--- Exercise materials ---
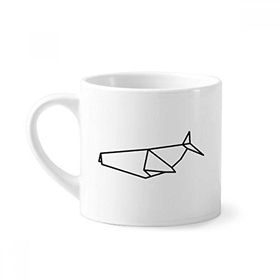 Dıythinker 170 ml Beyaz Soyut Origami Köpekbalığı Geometrik Şekilli Mini Kahve Seramik Kupa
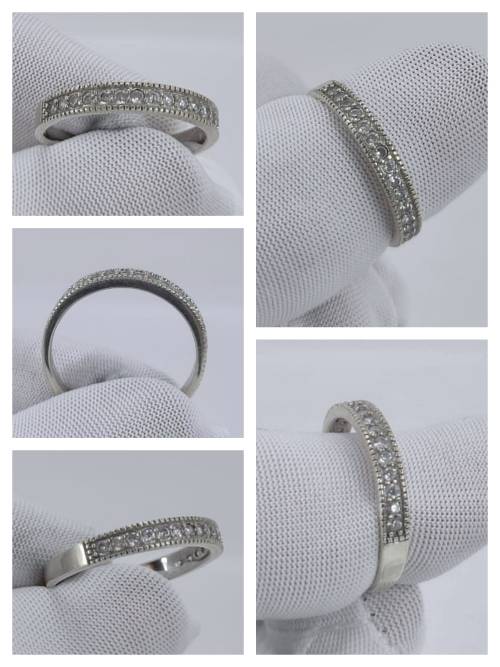 Solid 925 Silver Designer Eternity Band, With Top White Cubic Zirconia`s!!!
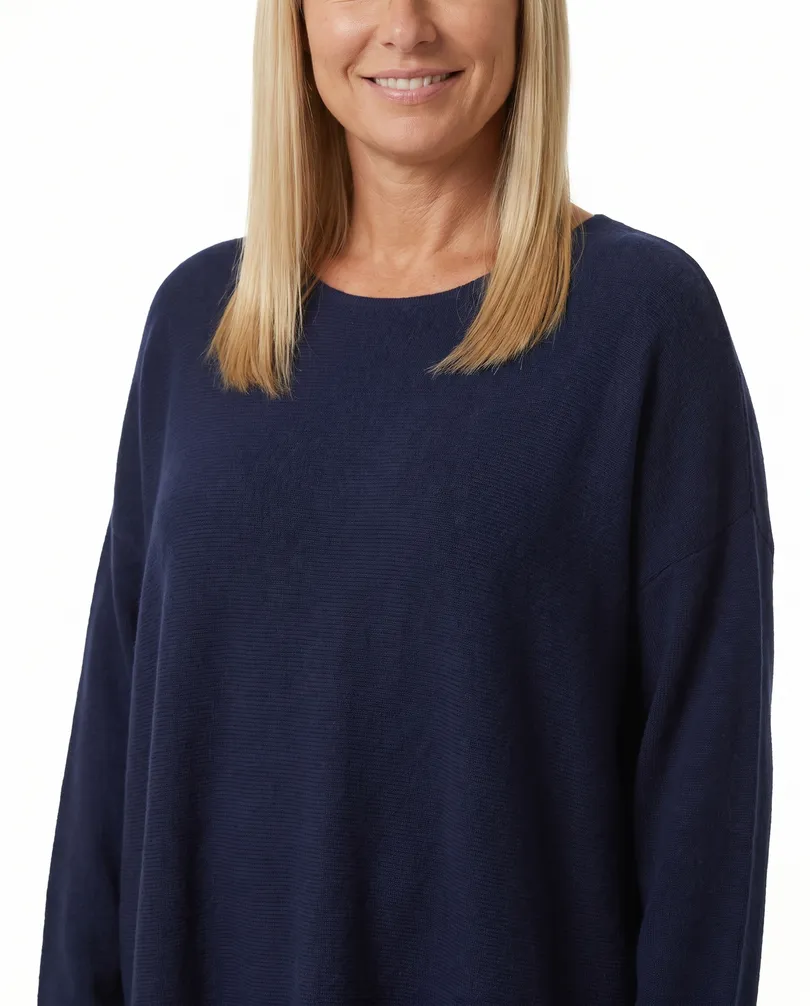 Pullover gerader Schnitt in  dunkelblau von Made in Italy (Bild 4)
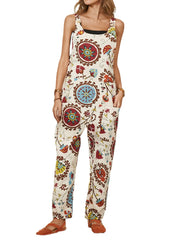 Women Ethnic Pattern Print Straps Casual Loose Jumpsuit With Pocket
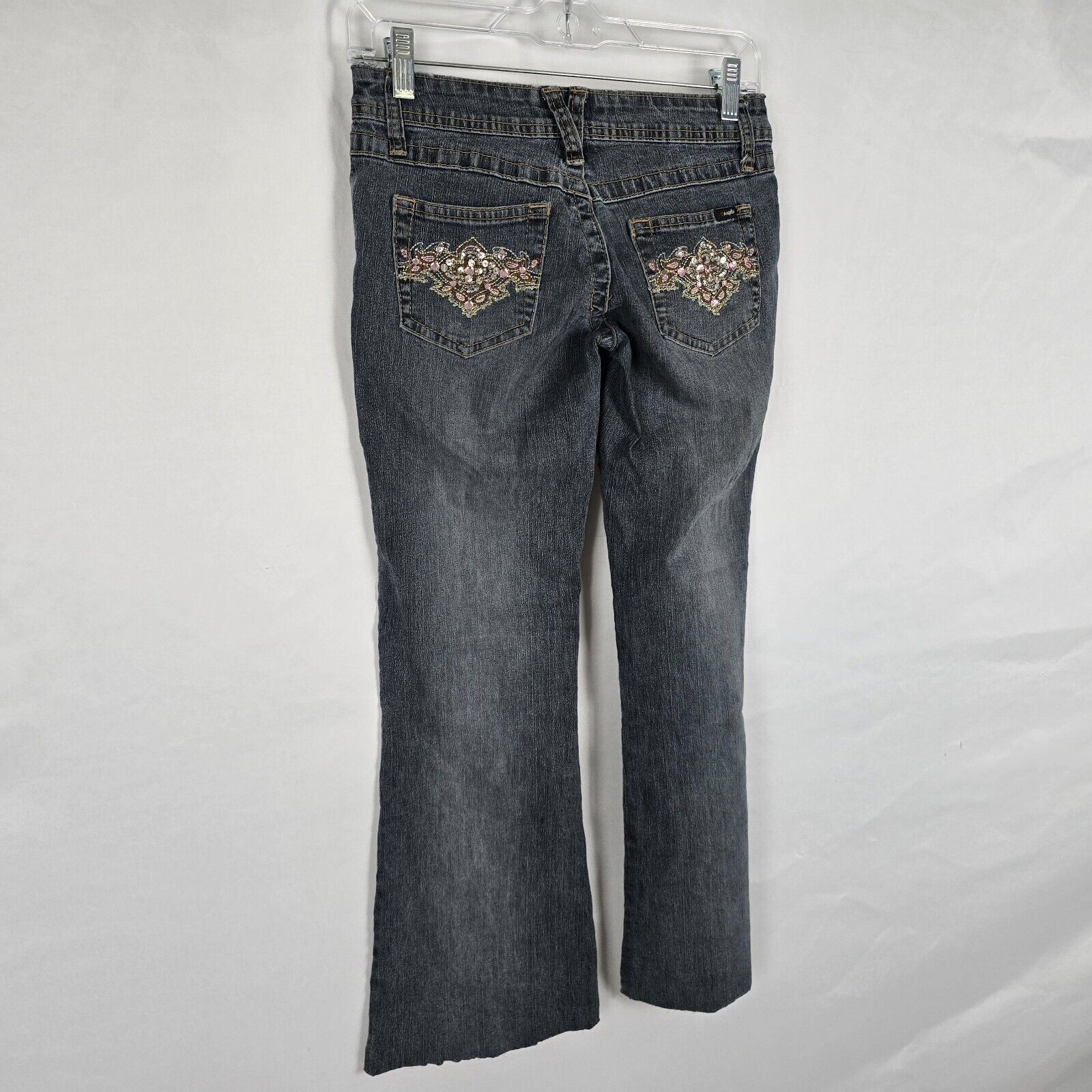 Angels Jeans Juniors 3 / 28 Blue Flare Raw Hem Ankle Embordered Sequin Bejeweled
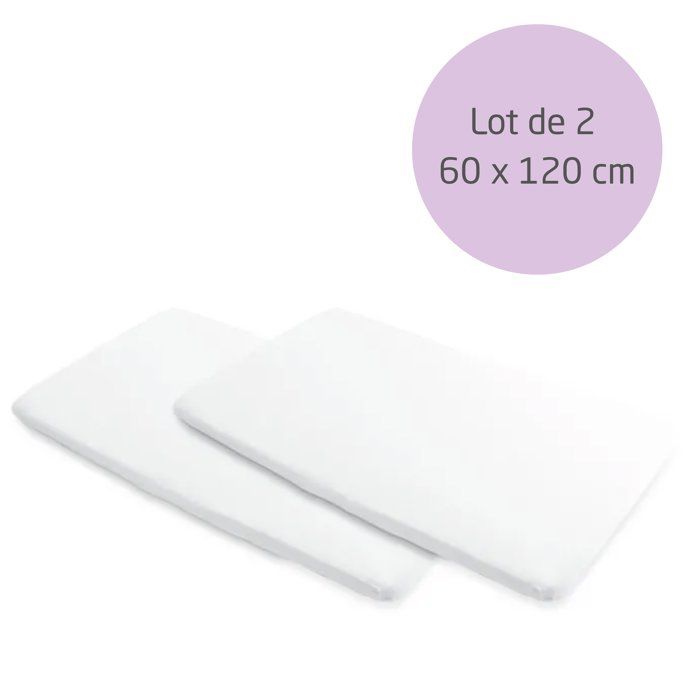 MAXI-COSI Lot de 2 Draps housses 60 x 120 de protection imperméables conçu pour le lit bébé Merlin Maxi-Cosi 100% coton oeko tex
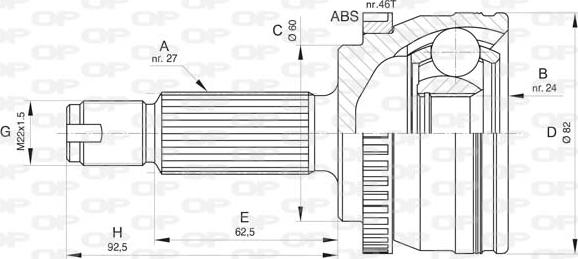 Open Parts CVJ5805.10 - Каре комплект, полуоска vvparts.bg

--- Assignment ---
Everything in the records goes into your answer exactly, except the pictures.

--- Solved problem ---
 Dıythinker 170 ml Beyaz Soyut Origami Köpekbalığı Geometrik Şekilli Mini Kahve Seramik Kupa
 Solid 925 Silver Designer Eternity Band, With Top White Cubic Zirconia`s!!!
 Pullover gerader Schnitt in  dunkelblau von Made in Italy (Bild 4)
 Women Ethnic Pattern Print Straps Casual Loose Jumpsuit With Pocket
 Angels Jeans Juniors 3 / 28 Blue Flare Raw Hem Ankle Embordered Sequin Bejeweled
 MAXI-COSI Lot de 2 Draps housses 60 x 120 de protection imperméables conçu pour le lit bébé Merlin Maxi-Cosi 100% coton oeko tex
 Open Parts CVJ5805.10 - Каре комплект, полуоска vvparts.bg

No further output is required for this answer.